By Shinji Higashijima, FINA World Aquatics Magazine Correspondent (JPN)

Here is the next Japanese contender to challenge the greats of breaststroke.

Since Kosuke Kitajima’s last big win in 2008 – when he achieved the 100-200m golden double for the second time at the Olympics – swimmers from other continents have taken over and reigned in this stroke.

But Ippei Watanabe sent out a strong signal in late January this year that Japan is ready to hit back. He set the first world record of the year, fittingly at the Kosuke Kitajima Cup in Tokyo, lopping off a chunk of the 200m mark.

Kitajima, one of the greatest breaststrokers of all time, ruled for the best part of a decade at the Olympics, although he shared the spoils in great duels with Brendan of the US at the Worlds.

After the Beijing Olympics others moved to the fore.
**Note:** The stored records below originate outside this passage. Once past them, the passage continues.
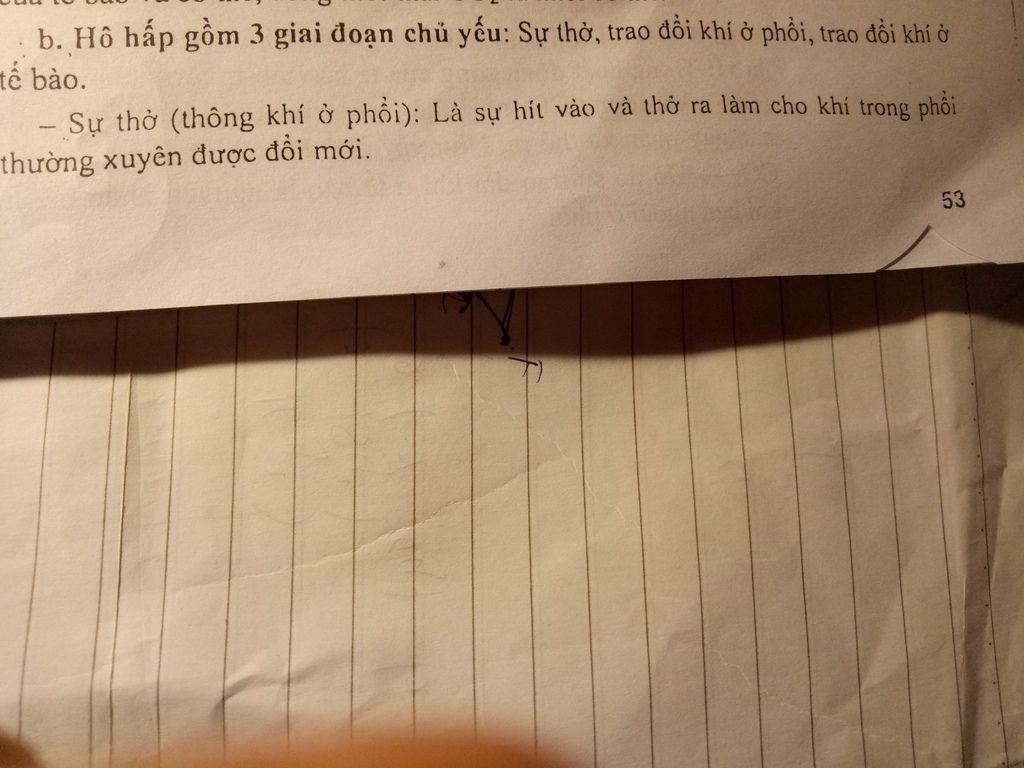 khai-niem-ho-hap-trinh-bay-cac-hoat-dong-ho-hap-khong-khi-o-phoi-trao-doi-khi-o-phoi-va-te-bao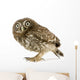 Young Owl Left Side Wall Decal
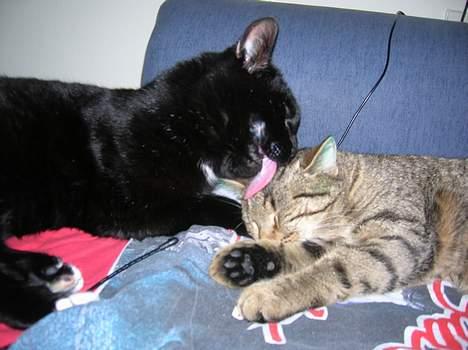 Blanding af racer Oliver billede 20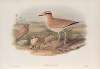 Cursorius gallicus. Cream-coloured Courser.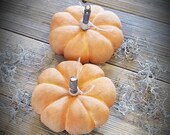 Primitive Pumpkins,grungy coffee stained pumpkins,bundle of 2 pumpkins,fall decor,pumpkin decor,Halloween decor,stuffed little pumpkins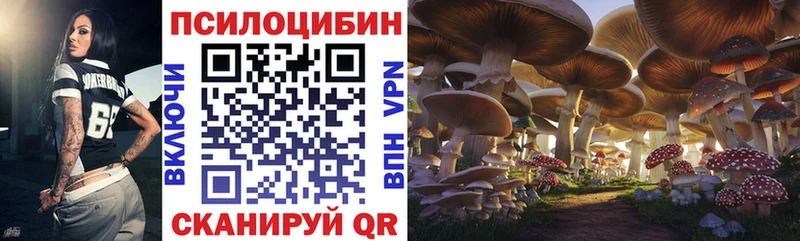 Купить закладки  Тбилисская  Галлюциногенные грибы Magic Shrooms 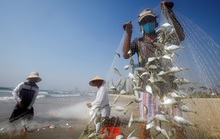 IMF: Kinh tế Việt Nam sẽ hồi phục mạnh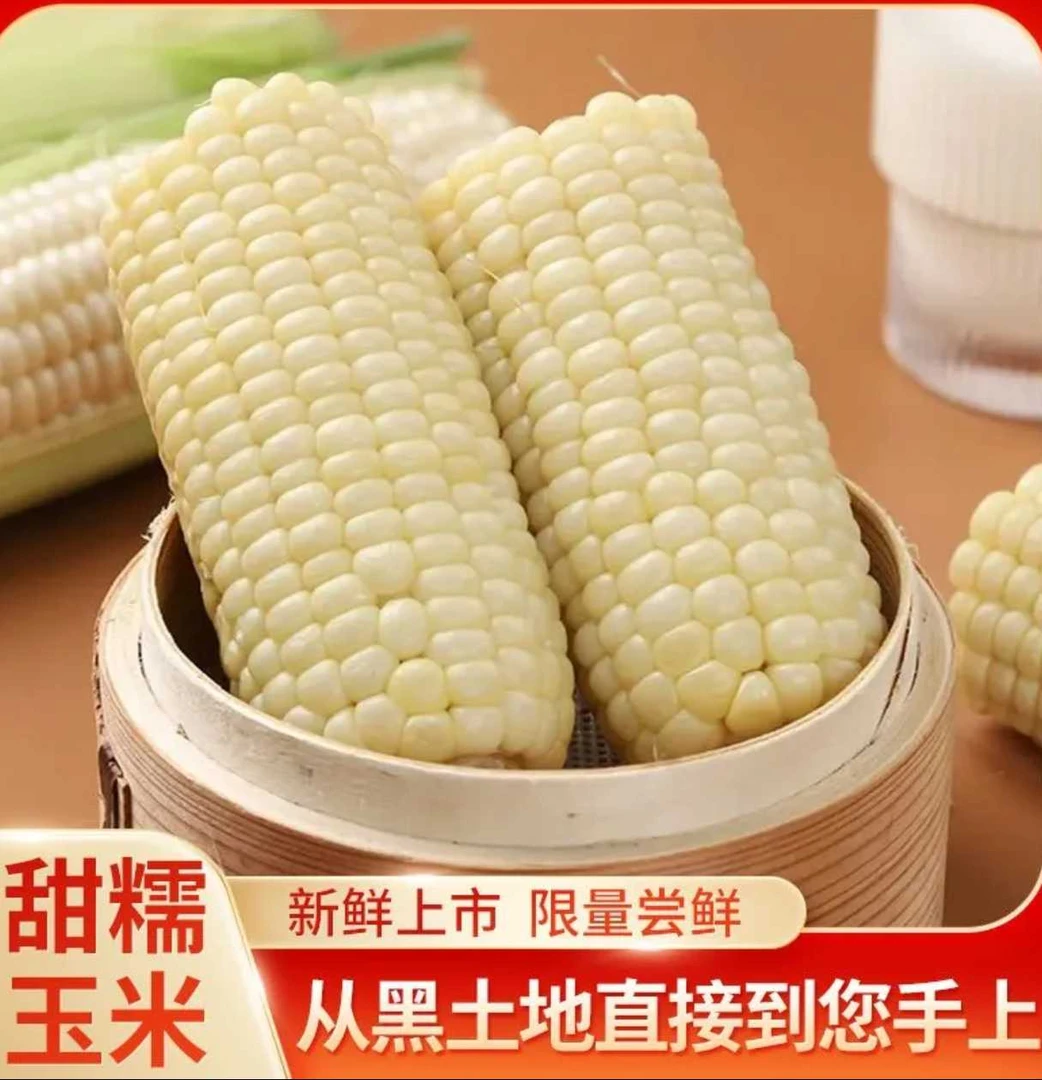 【免切方便】黑龙江新白糯玉米段8厘米 甘甜软糯低脂轻食 独立包装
In the 100m it was notably the late Alexander Dale Oen from Norway, South Africa’s Cameron van den Burgh and, for the last few years, Great Britain’s Adam Peaty.
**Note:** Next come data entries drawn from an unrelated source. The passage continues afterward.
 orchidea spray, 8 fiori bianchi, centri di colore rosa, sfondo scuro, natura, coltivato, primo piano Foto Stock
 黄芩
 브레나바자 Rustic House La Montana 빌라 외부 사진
In the 200m Hungarian Daniel Gyurta had a five-year spell on the throne, then came Marco Koch (GER) and, most recently, Dmitriy Balandin (KAZ) at the Rio Olympics.
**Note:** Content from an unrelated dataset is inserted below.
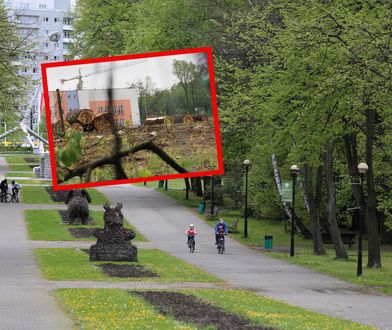 Rzeź 1200 drzew w Parku Śląskim. Powstanie tam dyskont i apartamenty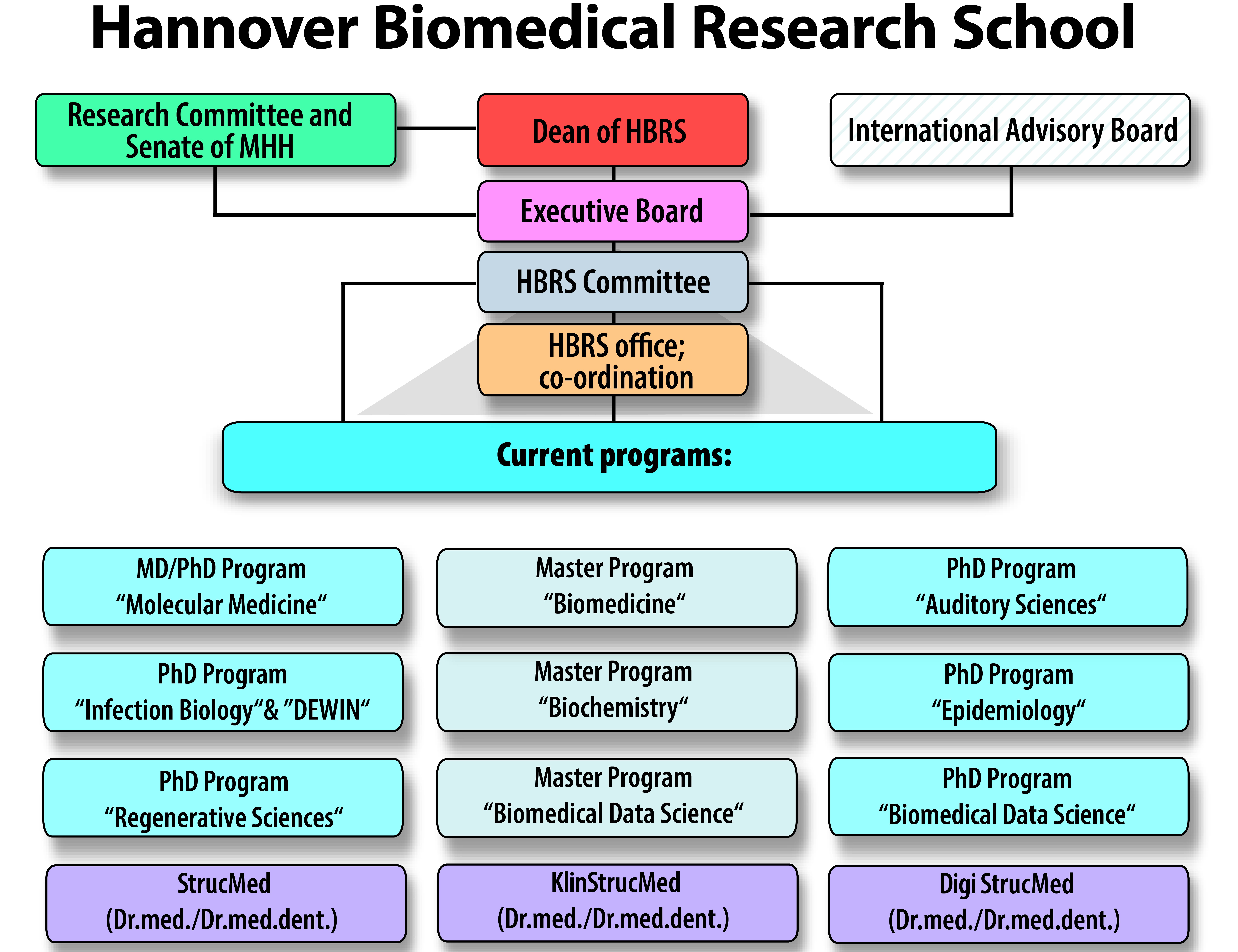Medizinische Hochschule Hannover Translate To Englisch HBRS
(left) Ippei Watanabe with a silver medal at FINA SWC 2016 in Hong Kong

Breaking records in unusual times

Now Japan seems to have produced another great breaststroker. In fact, Ippei Watanabe first made his mark when he won the Youth Olympic 200m breast title in 2014.

In Rio last year he set an Olympic record in the 200m semis (2:07.22) but he was unable to repeat that performance in the final – it would have brought him the gold - and had to settle for sixth place.

On 29 January Watanabe, then still 19, proved once more that he was capable of reaching unprecedented speed, becoming the first swimmer ever to go under 2:07 when he clocked 2:06.67. It is interesting to note that the last two world records in the 200m breast were set in Japan but away from the big meets.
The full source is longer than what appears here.